Greek Origins of Name:  Embioptera, derived from the Greek “embio” meaning lively and “ptera” meaning wings refers to the fluttery movement of wings that was observed in the first male Embioptera described.

Spot ID Key Characters:

  1. Basal segment of front tarsi enlarged for silk gland

Development:  Hemimetabola, i.e. incomplete metamorphosis (egg, nymph, adult)
Taxonomy:  Orthopteroid, closely related to Orthoptera and Plecoptera
Distribution:  Uncommon – found in silken nests under bark or leaves in tropical and subtropical climates.   Approximately 3 family and 9 species in North America and 8 family and ~200 species worldwide

The order Embioptera (webspinners or embiids) is another group within the Orthopteroid complex that probably appeared early in the Carboniferous period. Many insect taxonomists believe webspinners represent another evolutionary “dead end” that diverged about the same time as Plecoptera. Determining phylogenetic relationships for this group is unusually difficult because the Embioptera have a number of adaptations not found in any other insects. The tarsi of the front legs, for example, are enlarged and contain glands that produce silk. No other group of insects, fossil or modern, have silk-producing glands in the legs. The silk is used to construct elaborate nests and tunnels under leaves or bark. Webspinners live gregariously within these silken nests, feeding on grass, dead leaves, moss, lichens, or bark. Nymphs and adults are similar in appearance. Embiids rarely leave their silken tunnels; a colony grows by expanding its tunnel system to new food resources. Well-developed muscles in the hind legs allow these insects to run backward through their tunnels as easily as they run forward. Only adult males have wings. Front and hind wings are similar in shape and unusually flexible; they fold over the head when the insect runs backward through its tunnels. Blood (hemolymph) is pumped into anterior veins to stiffen the wings during flight. In Embioptera, the mouthparts are directed forward (prognathous) rather than downward as in other primitive orthropteroids. This may simply be an adaptation for life in a tunnel, or as some taxonomists have suggested, it may mean that Embioptera are really more closely related to earwigs (order Demaptera). Most Embioptera are tropical or subtropical.

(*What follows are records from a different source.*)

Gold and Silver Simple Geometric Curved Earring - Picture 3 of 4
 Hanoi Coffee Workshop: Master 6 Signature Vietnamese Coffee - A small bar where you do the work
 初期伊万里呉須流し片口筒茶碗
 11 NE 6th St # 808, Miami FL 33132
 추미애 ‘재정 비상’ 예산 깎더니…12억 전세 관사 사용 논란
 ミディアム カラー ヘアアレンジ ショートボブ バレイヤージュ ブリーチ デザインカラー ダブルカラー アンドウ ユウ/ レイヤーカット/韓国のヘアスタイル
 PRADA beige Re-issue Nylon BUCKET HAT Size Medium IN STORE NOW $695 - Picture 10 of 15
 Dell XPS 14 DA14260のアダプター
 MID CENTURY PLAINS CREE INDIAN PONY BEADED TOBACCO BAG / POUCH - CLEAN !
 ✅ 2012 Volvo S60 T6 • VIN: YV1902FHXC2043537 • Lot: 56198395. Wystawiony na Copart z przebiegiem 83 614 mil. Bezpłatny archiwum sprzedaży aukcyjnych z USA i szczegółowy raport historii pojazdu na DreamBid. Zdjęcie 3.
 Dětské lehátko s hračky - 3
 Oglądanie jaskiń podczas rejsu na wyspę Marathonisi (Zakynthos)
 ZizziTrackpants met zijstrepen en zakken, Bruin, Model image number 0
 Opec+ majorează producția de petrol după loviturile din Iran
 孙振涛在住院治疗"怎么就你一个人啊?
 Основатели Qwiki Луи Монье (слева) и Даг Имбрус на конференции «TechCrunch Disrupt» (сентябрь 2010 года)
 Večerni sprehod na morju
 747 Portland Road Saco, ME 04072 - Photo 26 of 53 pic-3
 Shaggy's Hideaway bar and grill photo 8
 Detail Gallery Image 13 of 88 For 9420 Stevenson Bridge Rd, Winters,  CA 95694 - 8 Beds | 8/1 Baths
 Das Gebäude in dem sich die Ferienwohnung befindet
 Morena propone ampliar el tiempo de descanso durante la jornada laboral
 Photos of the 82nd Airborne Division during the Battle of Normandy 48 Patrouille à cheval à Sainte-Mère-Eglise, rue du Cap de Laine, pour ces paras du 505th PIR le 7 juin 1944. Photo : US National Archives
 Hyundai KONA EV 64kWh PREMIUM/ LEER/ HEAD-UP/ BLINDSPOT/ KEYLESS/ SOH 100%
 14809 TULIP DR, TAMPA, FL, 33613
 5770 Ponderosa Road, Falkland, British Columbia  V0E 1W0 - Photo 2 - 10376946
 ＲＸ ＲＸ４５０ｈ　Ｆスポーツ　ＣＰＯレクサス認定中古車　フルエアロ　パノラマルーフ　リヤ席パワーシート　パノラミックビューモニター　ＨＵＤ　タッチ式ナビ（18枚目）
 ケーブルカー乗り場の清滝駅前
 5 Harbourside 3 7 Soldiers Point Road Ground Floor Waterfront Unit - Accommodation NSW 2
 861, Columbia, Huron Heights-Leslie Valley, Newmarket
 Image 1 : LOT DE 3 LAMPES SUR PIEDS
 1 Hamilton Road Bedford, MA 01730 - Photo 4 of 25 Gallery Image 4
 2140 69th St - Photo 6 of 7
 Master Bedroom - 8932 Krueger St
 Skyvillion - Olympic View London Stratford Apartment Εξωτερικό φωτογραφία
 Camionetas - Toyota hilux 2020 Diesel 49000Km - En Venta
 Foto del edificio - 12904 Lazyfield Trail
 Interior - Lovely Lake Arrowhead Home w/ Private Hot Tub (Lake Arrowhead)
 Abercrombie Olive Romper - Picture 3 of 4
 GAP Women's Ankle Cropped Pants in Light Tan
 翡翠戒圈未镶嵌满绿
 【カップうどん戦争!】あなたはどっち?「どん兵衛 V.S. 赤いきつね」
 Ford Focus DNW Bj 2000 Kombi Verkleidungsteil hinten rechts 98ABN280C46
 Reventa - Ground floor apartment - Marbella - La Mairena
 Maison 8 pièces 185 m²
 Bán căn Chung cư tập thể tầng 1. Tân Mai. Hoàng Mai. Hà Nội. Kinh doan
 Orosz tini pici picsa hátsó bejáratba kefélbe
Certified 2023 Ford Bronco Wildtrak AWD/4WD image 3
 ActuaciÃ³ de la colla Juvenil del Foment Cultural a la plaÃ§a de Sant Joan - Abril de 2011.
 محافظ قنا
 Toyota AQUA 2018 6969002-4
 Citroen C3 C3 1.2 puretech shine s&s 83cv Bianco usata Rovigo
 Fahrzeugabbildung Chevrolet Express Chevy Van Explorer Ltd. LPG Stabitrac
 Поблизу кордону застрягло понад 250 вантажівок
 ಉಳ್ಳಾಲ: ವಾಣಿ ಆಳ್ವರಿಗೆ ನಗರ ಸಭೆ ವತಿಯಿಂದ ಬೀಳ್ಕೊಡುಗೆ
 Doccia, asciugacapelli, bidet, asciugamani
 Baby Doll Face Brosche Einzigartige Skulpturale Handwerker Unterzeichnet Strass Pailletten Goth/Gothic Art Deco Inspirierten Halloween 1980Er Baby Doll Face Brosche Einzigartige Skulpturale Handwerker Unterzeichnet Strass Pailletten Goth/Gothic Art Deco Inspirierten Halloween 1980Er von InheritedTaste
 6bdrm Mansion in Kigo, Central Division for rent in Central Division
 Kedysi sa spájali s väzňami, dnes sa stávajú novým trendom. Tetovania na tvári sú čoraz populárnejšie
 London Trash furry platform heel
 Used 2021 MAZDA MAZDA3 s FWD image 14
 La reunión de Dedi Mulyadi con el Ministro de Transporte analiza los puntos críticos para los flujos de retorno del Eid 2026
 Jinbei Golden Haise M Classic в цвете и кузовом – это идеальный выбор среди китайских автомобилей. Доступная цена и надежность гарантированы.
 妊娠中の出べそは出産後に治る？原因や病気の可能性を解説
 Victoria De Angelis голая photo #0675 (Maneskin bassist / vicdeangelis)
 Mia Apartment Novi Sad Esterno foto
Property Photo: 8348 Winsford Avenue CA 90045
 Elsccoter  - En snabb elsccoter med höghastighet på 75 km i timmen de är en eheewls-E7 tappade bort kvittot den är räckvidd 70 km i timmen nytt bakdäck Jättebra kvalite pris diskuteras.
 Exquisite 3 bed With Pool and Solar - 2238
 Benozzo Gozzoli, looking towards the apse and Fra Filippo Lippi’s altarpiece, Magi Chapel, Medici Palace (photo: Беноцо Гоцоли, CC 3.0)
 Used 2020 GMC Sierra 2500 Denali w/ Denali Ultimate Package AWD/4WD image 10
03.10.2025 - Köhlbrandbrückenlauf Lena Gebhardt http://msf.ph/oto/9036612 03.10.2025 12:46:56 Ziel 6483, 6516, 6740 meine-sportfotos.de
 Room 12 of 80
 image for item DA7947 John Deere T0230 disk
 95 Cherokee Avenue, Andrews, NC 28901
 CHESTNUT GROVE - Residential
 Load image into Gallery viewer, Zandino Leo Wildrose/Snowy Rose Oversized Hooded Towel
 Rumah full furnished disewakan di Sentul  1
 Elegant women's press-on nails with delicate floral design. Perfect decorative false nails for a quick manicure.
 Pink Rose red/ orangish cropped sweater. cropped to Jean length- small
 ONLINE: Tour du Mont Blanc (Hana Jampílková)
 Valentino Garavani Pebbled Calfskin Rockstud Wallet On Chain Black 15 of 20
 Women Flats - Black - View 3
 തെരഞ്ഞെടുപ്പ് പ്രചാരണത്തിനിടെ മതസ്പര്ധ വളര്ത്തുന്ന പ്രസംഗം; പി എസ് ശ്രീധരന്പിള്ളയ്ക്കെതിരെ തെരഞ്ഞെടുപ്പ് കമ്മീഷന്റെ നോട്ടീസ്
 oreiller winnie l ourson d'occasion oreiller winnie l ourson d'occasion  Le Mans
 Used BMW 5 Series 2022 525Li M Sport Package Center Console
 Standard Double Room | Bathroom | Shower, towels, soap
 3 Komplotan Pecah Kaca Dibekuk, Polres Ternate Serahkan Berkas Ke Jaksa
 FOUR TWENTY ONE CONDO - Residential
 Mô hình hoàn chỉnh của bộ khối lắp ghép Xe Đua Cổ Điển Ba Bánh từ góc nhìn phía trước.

Appearance of Immatures and Adults:

  1. Antennae slender, filiform
  2. Mouthparts mandibulate, prognathous
  3. Tarsi 3-segmented; basal segment of front tarsi enlarged, bearing silk glands
  4. Hind femur enlarged, adapted for running backward
  5. Wings present only in adult males, highly flexible, smoky in color
  6. Cerci 1-2 segmented; asymmetrical in males

Webspinners have no economic significance. The insects are small, reclusive, and do not feed on living plants.

Only three families are present in North America:

      • Anisembiidae — 2 species
      • Teratembiidae — 4 species
      • Oligotomidae — 3 species

All of these occur in the southern United States and most have fairly restricted ranges.

  • Only adult males are winged.  They apparently disperse from one colony to another before mating, and die soon after mating.  Sometimes they are eaten by their mate.
  • Females of different species are so similar in appearance that it is often impossible to tell them apart.  Identification keys are based entirely on male characters.
  • Many insects produce silk, but only the Embioptera make it with glands located in the forelegs.  Other insects produce silk with their Malpighian tubules or with modified salivary or labial glands.